2023-10-02
Finally, something else to worry about:
Earth is currently thought to be in the middle of a supercontinent cycle as its present-day continents drift. The last supercontinent, Pangaea, broke apart about 200 million years ago. The next, dubbed Pangaea Ultima, is expected to form at the equator in about 250 million years, as the Atlantic Ocean shrinks and a merged Afro-Eurasian continent crashes into the Americas.
Run for your lives! Well, tell your kids—to, uh, tell their kids, to…
Anyway, this is precisely the sort of thing you expect to read in Scientific American (which is where the above paragraph is from) but not front-page news, where you no doubt saw it last week. Sure, it sounds like a problem—but one for which nature’s given us a good 250 million year head-start.

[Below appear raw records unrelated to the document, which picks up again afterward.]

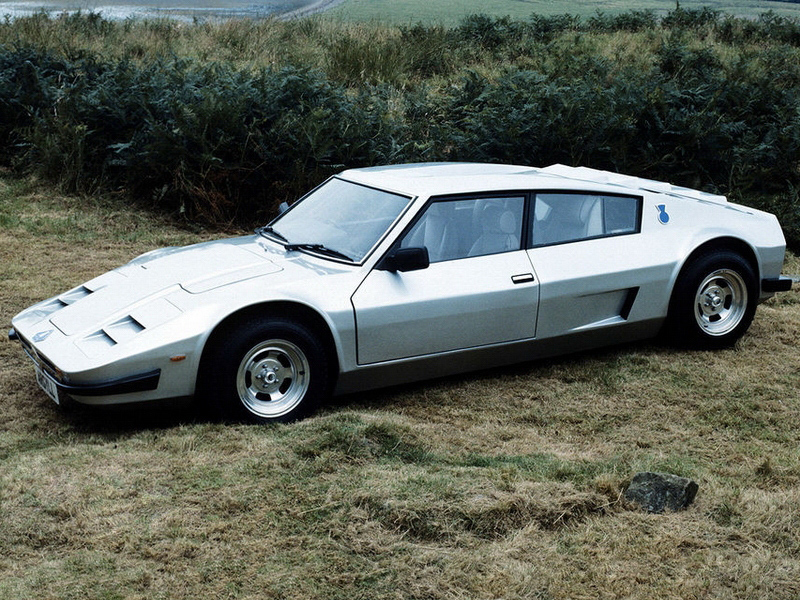 Argyll Turbo GT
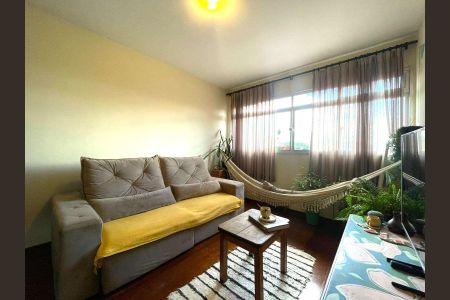 Apartamento à venda com 3 quartos, 90m² em Santa Efigênia, Belo Horizonte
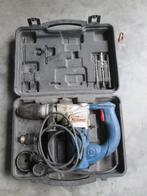 Forets SDS + perceuse, 600 watts ou plus, Enlèvement ou Envoi, Mécanisme de percussion, Utilisé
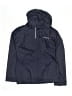 Columbia 100% Nylon Solid Blue Windbreaker Size 10 - 12 - photo 1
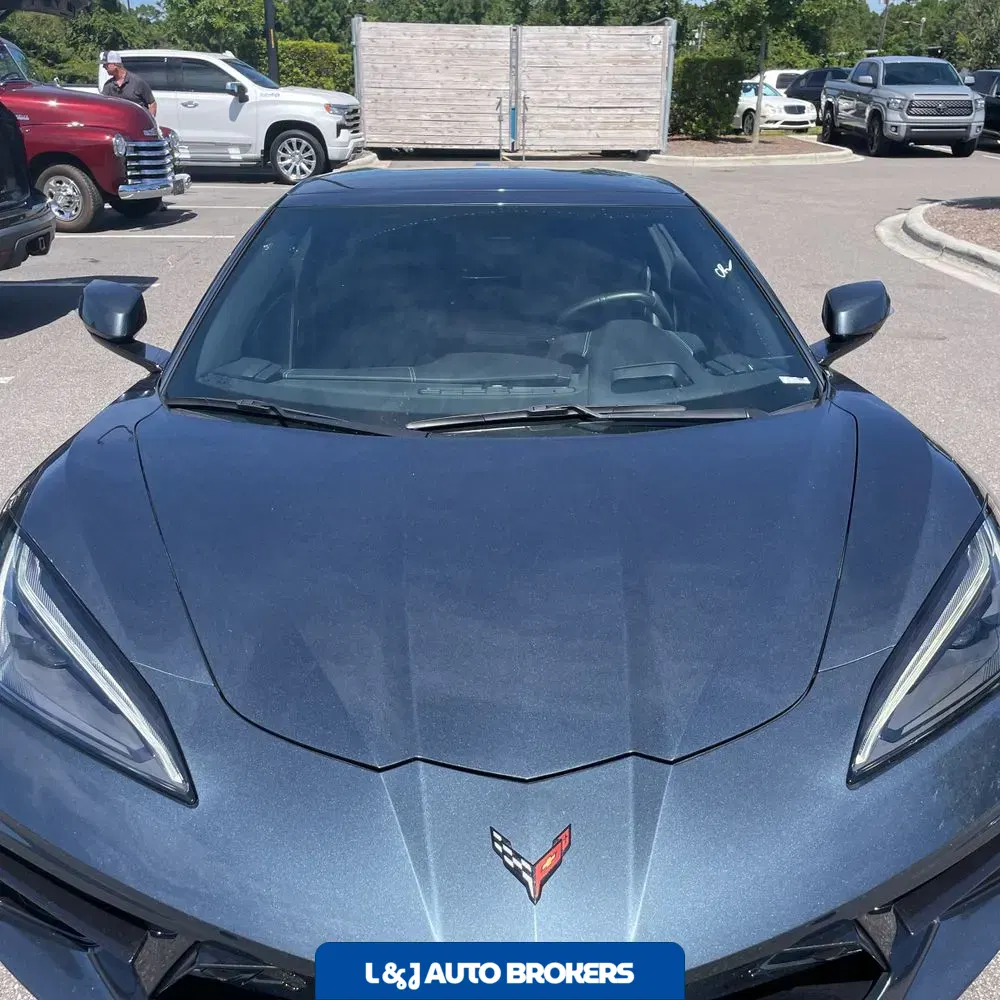 2021 Chevrolet Corvette Stingray
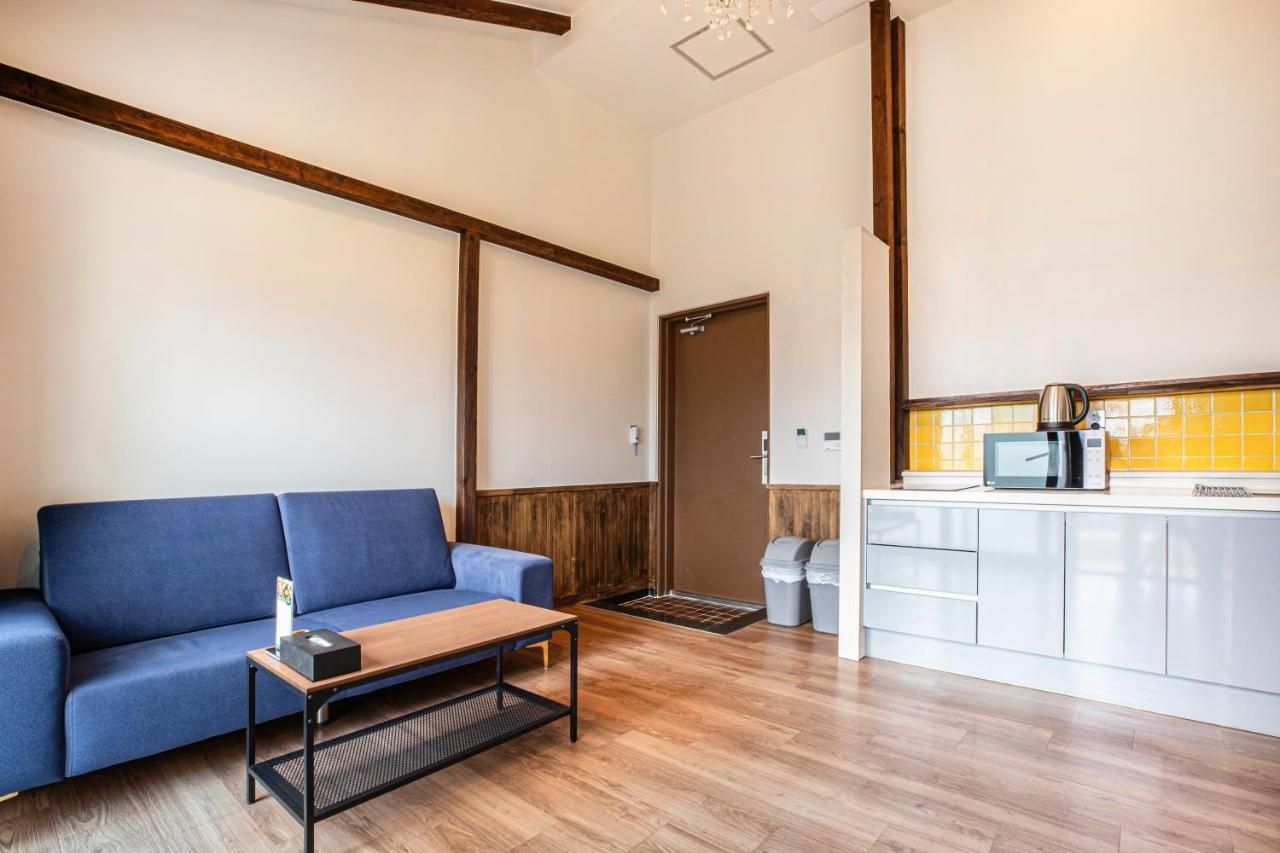 Olle Resort Jeju Ngoại thất bức ảnh
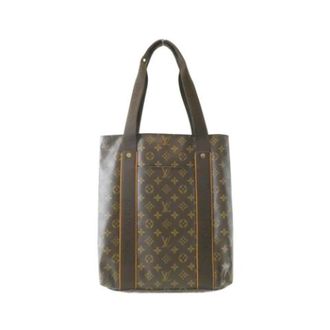 Louis Vuitton Pre-owned Bolso Tote de Lona Recubierta - Pre-owned - Mujer - Marr&oacute;n - ONE SIZE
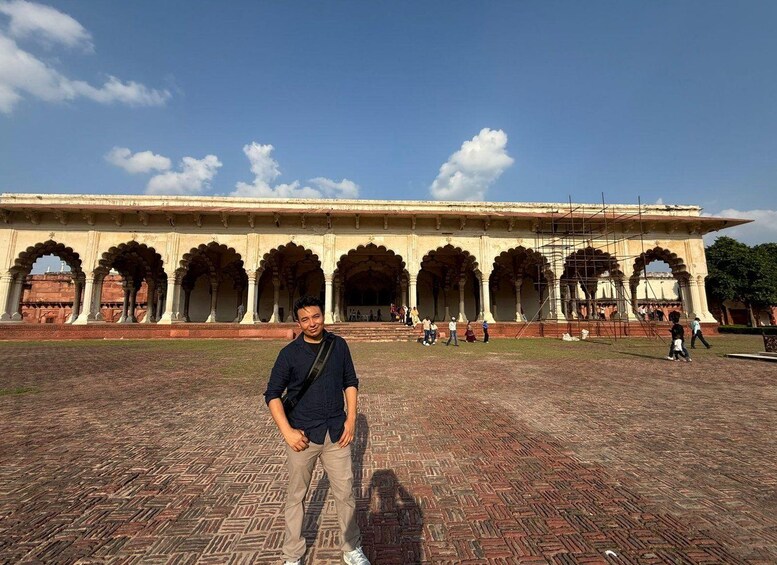 Picture 34 for Activity From Goa: 2-Day Taj Mahal & Agra Tour with Overnight Stay 5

I’m going to keep saying it: it won’t be actual problems that get us in the end but our failure to focus on those actual problems. Hell, the least we could do is limit our catastrophizing to the present.
Over in the Atlantic, Tom Nichols is absolutely right about a functional opposition being an overlooked healthy necessity in politics.
Not that you need an excuse to think about the Roman Empire but, if you do, and you want to outrun your FOMO, seek out Emma Southon’s exceptional book, A Fatal Thing Happened on The Way to the Forum (2020), without delay.